> [Dataset entries]:
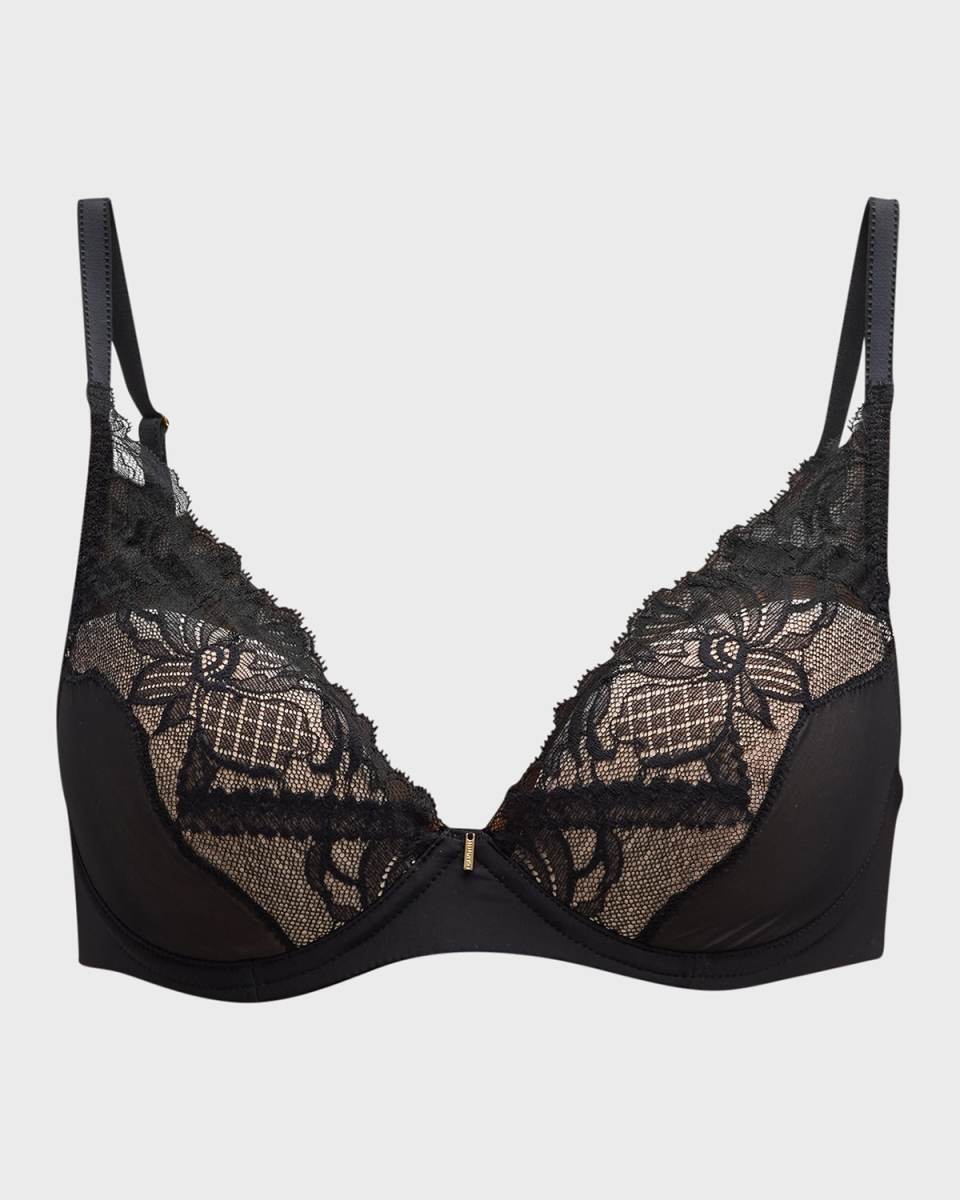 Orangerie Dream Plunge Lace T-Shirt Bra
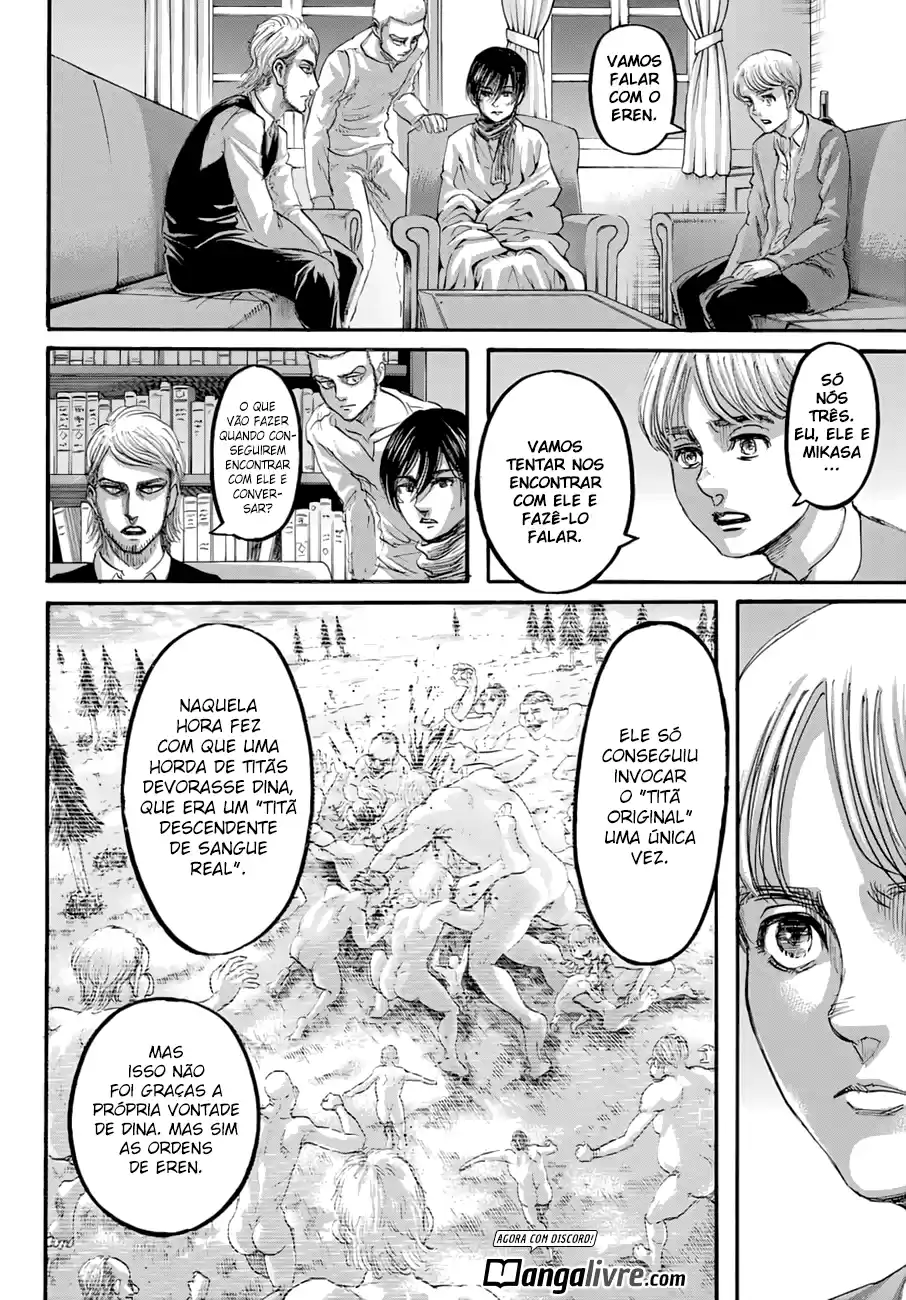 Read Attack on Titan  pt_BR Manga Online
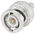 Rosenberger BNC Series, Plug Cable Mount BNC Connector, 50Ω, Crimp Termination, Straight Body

==

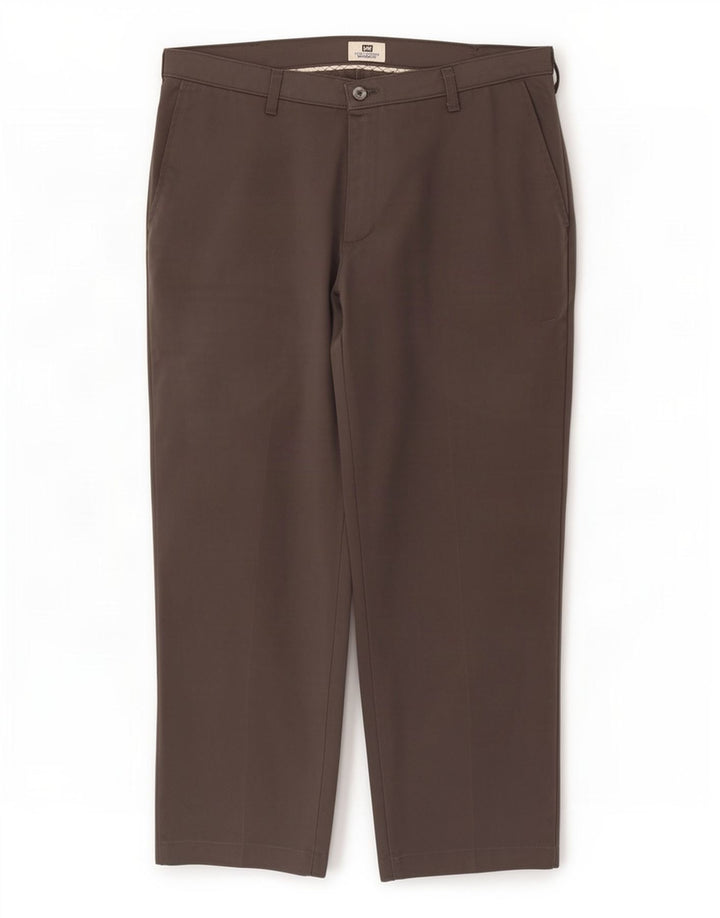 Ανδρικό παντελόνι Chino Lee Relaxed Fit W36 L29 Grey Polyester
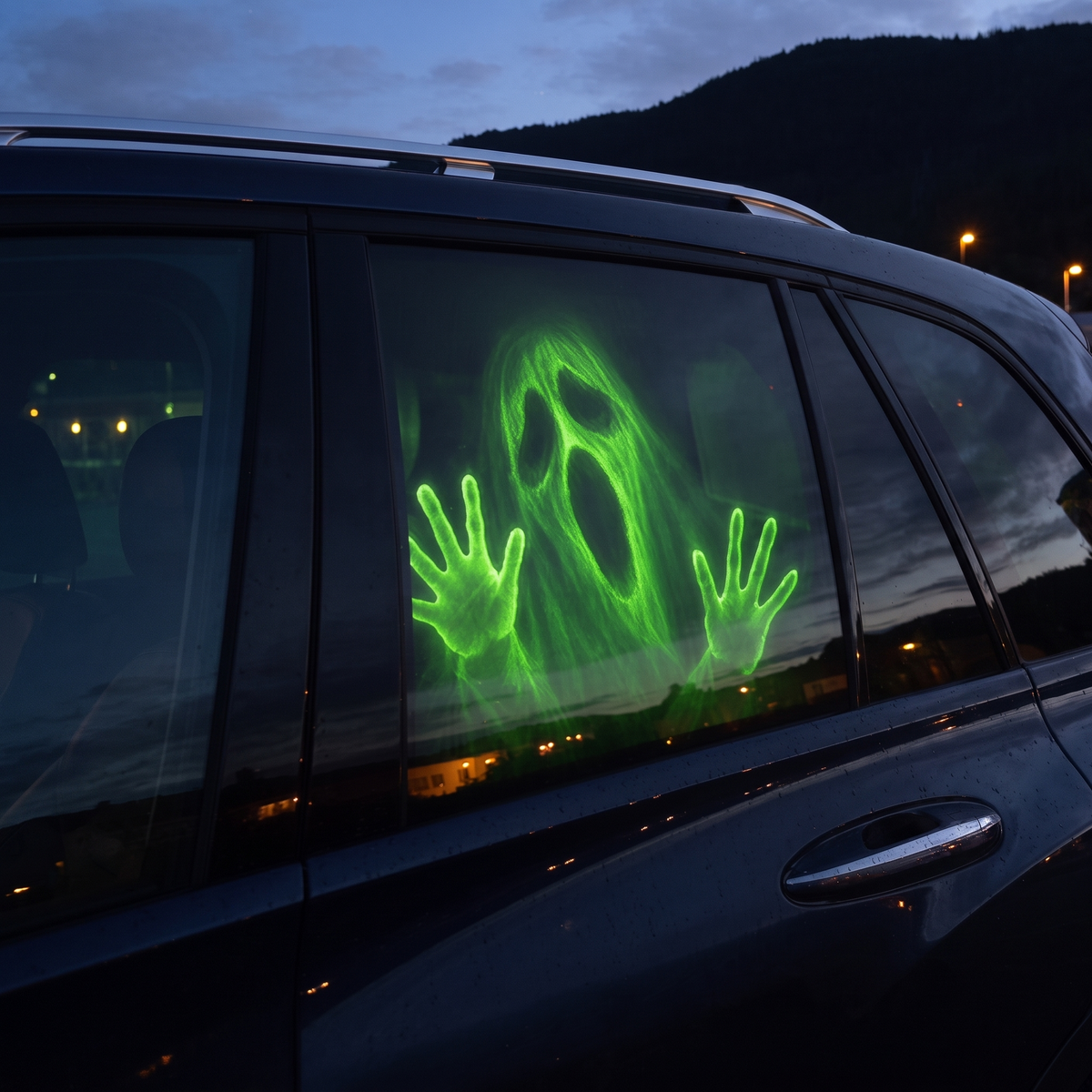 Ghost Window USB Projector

> [Exercise instructions]:
Above are some records. Output exactly the lines from the one that contains "Orangerie Dream Plunge Lace T-Shirt Bra" to the one that contains "Rosenberger BNC Series, Plug", keeping both, and omit the pictures.

> [Exercise solution]:
 Orangerie Dream Plunge Lace T-Shirt Bra
 Read Attack on Titan  pt_BR Manga Online
 Rosenberger BNC Series, Plug Cable Mount BNC Connector, 50Ω, Crimp Termination, Straight Body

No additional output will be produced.